Theory of charge stability diagrams in coupled quantum dot qubits

TL;DR

This paper develops a detailed numerical model for charge stability diagrams in coupled quantum dot qubits, improving accuracy over classical models and revealing effects of electron interactions and device geometry.

Contribution

It introduces a multi-electron configuration interaction approach combined with an atomic orbital model to accurately predict charge stability diagrams in quantum dots.

Findings

Charge states are predicted more accurately than classical models.

Tunnel couplings are significantly enhanced for multi-electron dots.

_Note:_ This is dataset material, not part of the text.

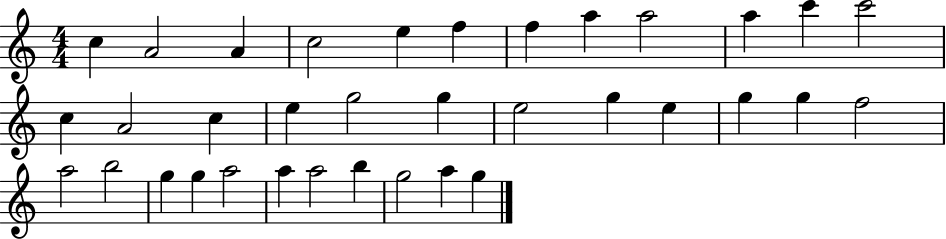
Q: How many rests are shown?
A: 0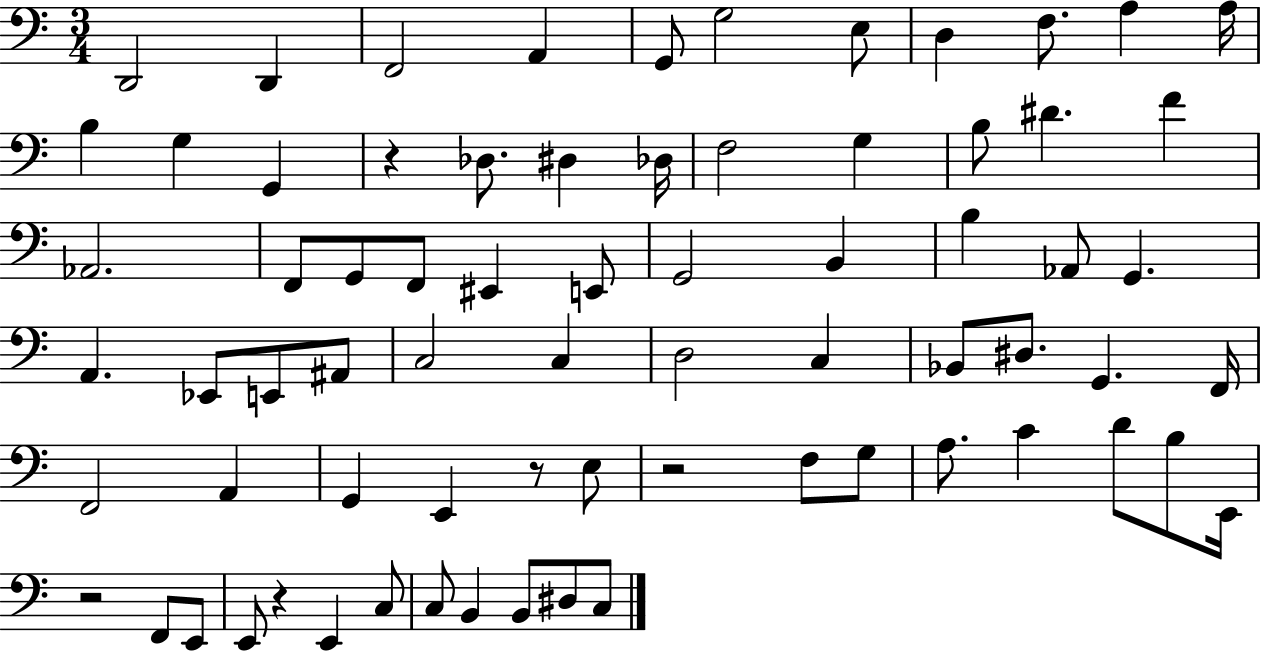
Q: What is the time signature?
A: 3/4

Barrier gate strength and dot pitch influence charge stability features.

Abstract

We predict large regions of the charge stability diagram using a multi-band and multi-electron configuration interaction model of a double quantum dot system. We account for many-body interactions within each quantum dot using full configuration interaction and solve for single-particle density operators. This allows charge states to be predicted more accurately than the extensively used classical capacitance model or the single-band Hubbard model. The resulting single-particle mixed states then serve as inputs into an atomic orbital picture that allows for the explicit calculation of the underlying Hubbard model parameters by performing the appropriate integrals. This numerical approach allows for arbitrary choices of electrostatic potential and gate geometry. A common assumption when calculating charge stability diagrams from the Hubbard model is that the charge stability diagrams are periodic, but we find that the tunnel couplings for valence electrons in dots with $N=3$ electrons are significantly enhanced when compared to single-electron dots. This difference is apparent in the charge stability diagram for higher occupancy Coulomb diamonds. We also quantitatively explore how the barrier gate strength and dot pitch impact this behavior. Our work should help improve the future realistic modeling of semiconductor-dot-based quantum circuits.